The governance framework is intentionally lightweight, reflecting the belief that permissionless market mechanisms should handle most decisions rather than frequent governance votes.
Advantages
- Risk isolation: Exploits or bad debt in one market cannot spread to others
- Permissionless: Any token with a reliable price feed can have its own lending market
- Real yield: Staking rewards come from protocol revenue, not inflationary emissions
- Modular design: Hooks and ERC-4626 compatibility make integrations straightforward
- Long-tail asset support: Unlocks lending for assets unavailable on pooled platforms
Risks & Challenges
- Liquidity fragmentation: Isolated silos can result in thinner liquidity per market compared to pooled protocols
- Oracle dependency: Each silo relies on a price feed; a faulty oracle in one silo can still cause localized harm
- Governance participation: Low voter turnout is a common challenge in DAO-governed protocols
- Smart contract risk: Despite rigorous auditing, all DeFi protocols carry inherent code risk
Long-Term Vision
Silo Finance aims to become a programmable credit layer for DeFi — a flexible infrastructure where any asset, including real-world assets, can access secure lending markets. With its modular Hooks system and multi-chain expansion, the protocol is positioning itself as a foundational primitive that developers can build specialized financial products on top of. The SiloDAO and SILO token remain central to steering this evolution.

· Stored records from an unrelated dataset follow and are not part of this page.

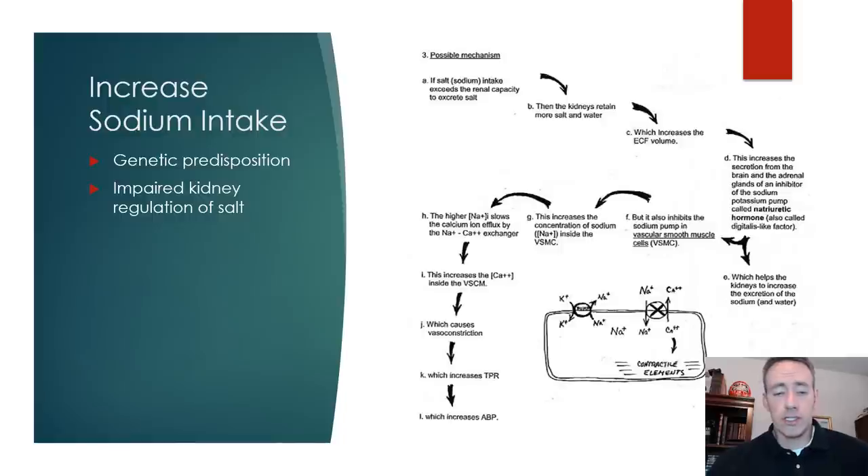Another hypothesis with blood pressure involves sodium dysregulation. Some kidneys may not be able to regulate salt as readily, and given the nature of more Western diets with lots of processed food and high sodium intake, if their kidneys don't operate as efficiently they could retain that sodium and thus retain water because sodium is osmotic. Looking at this flow chart in your notes: sodium intake exceeds the renal capacity to excrete it. If somebody eats lots of salty foods, the kidneys retain more salt and water — they're not as efficient at getting rid of as much. This increases extracellular fluid.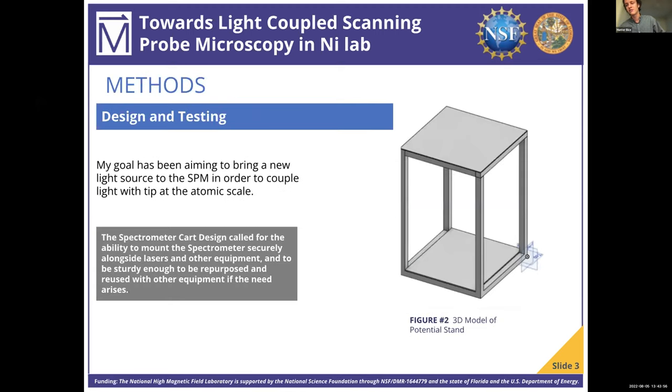In order to take measurements with light-coupled scanning probe microscopy, we needed to implement a laser and a spectrometer. However, when I came, this was not something we were able to do, so I was tasked with making this possible. I developed the skills to use 3D design software in order to design the mounting and equipment so that we can pair a laser and spectrometer with our scanning probe microscope. As you can see here, this is one of the designs I sketched up this summer, developed from scratch through discussions with my mentor about the designs and specifications we needed.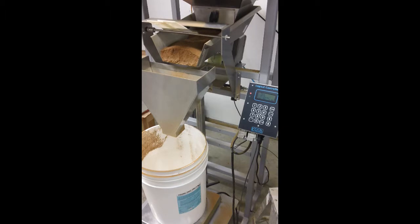We're running right around 16 to 18 seconds a run. For 25 pounds, that's actually really well. We're getting about 3.3 to 3.5 runs a minute.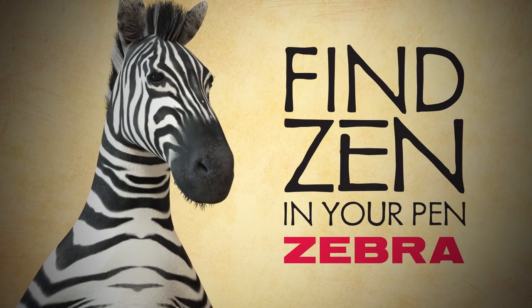Seriously? A creative self-expression tournament again? I'm calling HR. Find zen in your pen. Zebra Pen.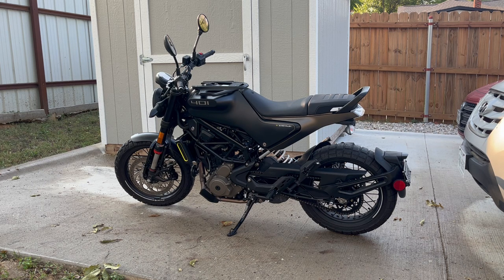If you're curious what a person who's about five foot six looks like on it — there you go. Can't flat-foot it, but not too bad. I just know I can't flat-foot it, so I don't stop with just the balls of my feet dangling because it's not stable. I always keep left foot down, right foot on the brake — makes it really easy.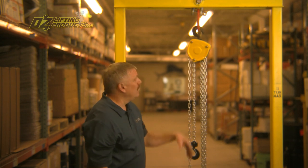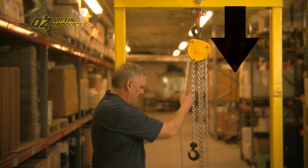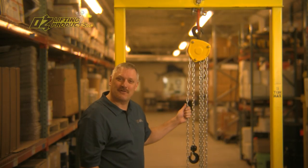To lower that load, you simply grab the other side of the hand chain where it says D for down, and go ahead and lower the load. And that's how a chain hoist works.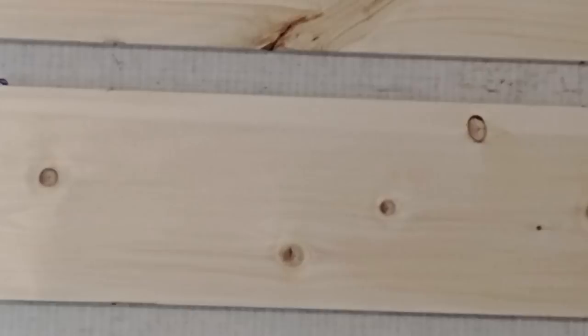Now the type of boards you see here on the wall — these are white pine, they're one-by-eights. They have an inch and a half between each board. I chose that distance because it just looked a little bit more authentic than a little tiny seam across there.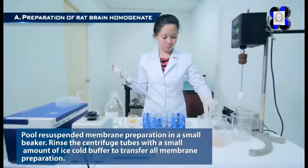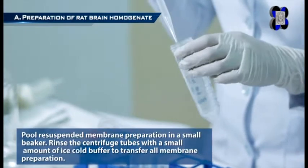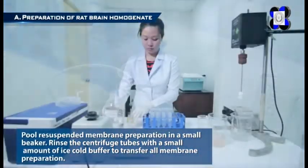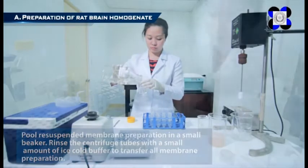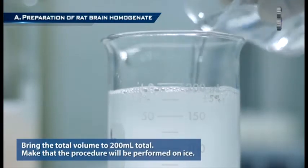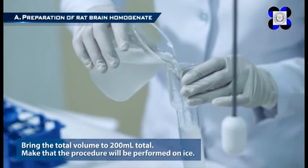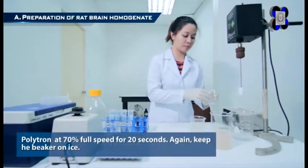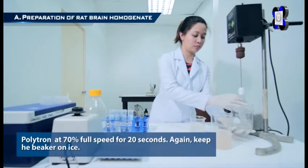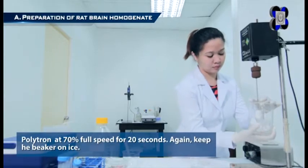Pool the resuspended membrane preparation in a small beaker. Rinse the centrifuge tubes with a small amount of ice-cold buffer to transfer all membrane preparation. Bring the total volume to 200 milliliters total, making sure the procedure is performed on ice. Polytron at 70% full speed for 20 seconds, keeping the beaker on ice.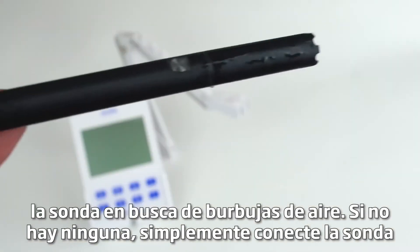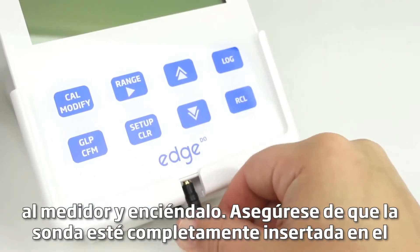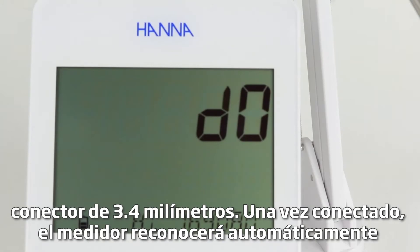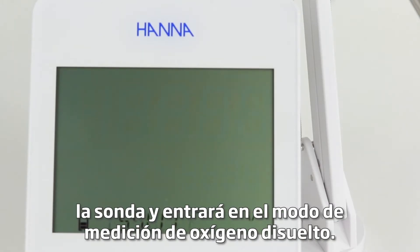Inspect the bottom of the probe for air bubbles. If there aren't any, simply connect the probe to the meter and turn it on. Ensure that the probe is fully inserted into the 3.5mm connector. Once connected, the meter will automatically recognize the probe and enter dissolved oxygen measuring mode.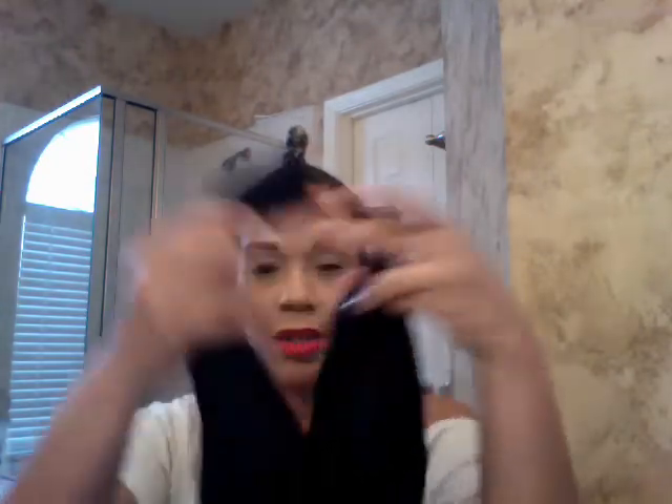I'll put the knot right here — I could have gone a little further down, but now I'm just going to cut the legs off, and this will be my stocking cap. No need to pay an expensive price for a cap to hold in moisture — this does the trick.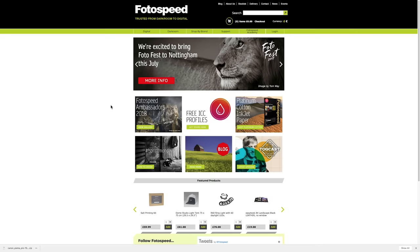10% off at Photospeed.com — put FIRSTMAN10 in when you come to check out. So we're pretty much there now — it's a massive topic so if you have any questions please do ask them down below in the comments.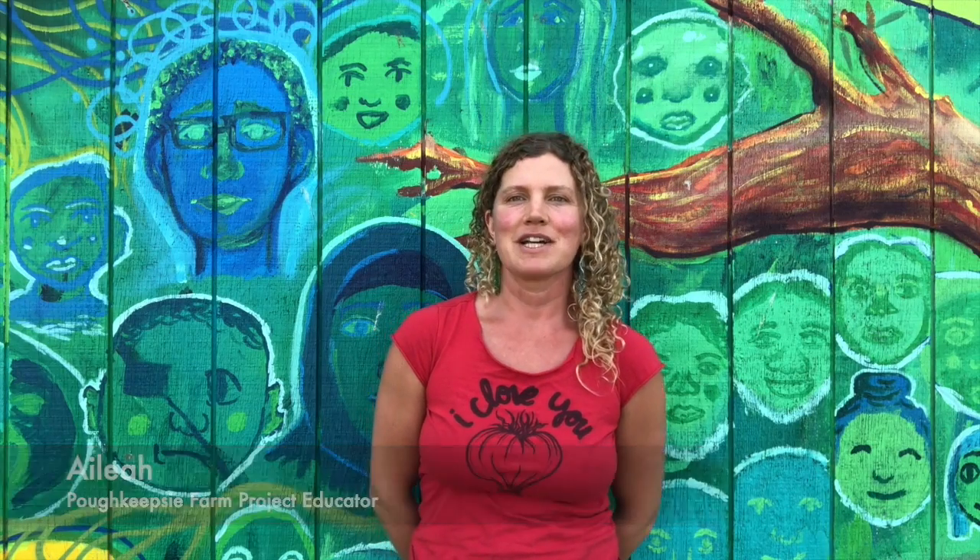Hi everyone! Welcome to Poughkeepsie Food Power at Home. I'm Ileah. I'm a farmer at Clove Valley Community Farm and a teacher here at Poughkeepsie Farm Project. And we are making Italian zoodle spaghetti today in the video. So if you like this video, hit subscribe and give us a thumbs up and have a great time cooking.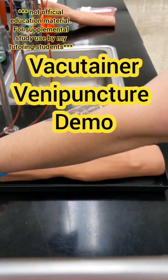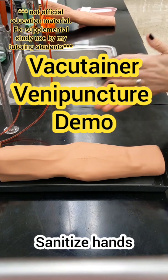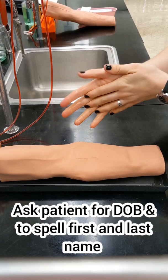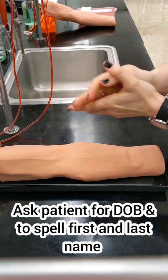You're going to always start by sanitizing your hands. Ask your patient to spell their first and last name and ask for their date of birth, and make sure you match that to the lab requisition.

Frequently Asked Questions
- What is the SILO token used for?
SILO is the governance token of Silo Finance. Holders use it to vote on protocol decisions, stake it to earn a share of protocol revenue, and direct liquidity incentives to specific lending markets.
- What makes Silo Finance different from Aave or Compound?
Unlike Aave or Compound, which pool all assets together, Silo Finance creates an isolated lending market for each token. This means a problem with one asset cannot cause losses across the rest of the protocol.
- What is a 'bridge asset' in Silo Finance?
A bridge asset is a highly liquid token — like ETH or USDC — that connects isolated silos. Each silo pairs a unique token with a bridge asset, allowing cross-silo interactions while maintaining risk isolation.
- Can I stake SILO tokens?
Yes. SILO holders can stake their tokens to earn a portion of the fees generated by the protocol. These rewards come from real economic activity such as borrower interest and liquidation fees.
- Is Silo Finance permissionless?
Yes. Anyone can create a new lending market for any token that has a reliable price feed. Both individual users and project teams can propose new markets, which SILO token holders then vote on.
- What blockchains does Silo Finance support?
Silo Finance is deployed on Ethereum, Arbitrum, and Sonic. Its modular architecture is designed to support expansion to additional EVM-compatible networks.
- How does SiloDAO govern the protocol?
SiloDAO uses the OpenZeppelin Governor model, a delegated voting system. SILO holders can vote directly or delegate their votes to another address to participate in governance decisions.
- What are Hooks in Silo Finance?
Hooks are a modular system that lets developers attach custom logic to any Silo lending market. They transform the protocol into a flexible, programmable credit layer for specialized DeFi applications.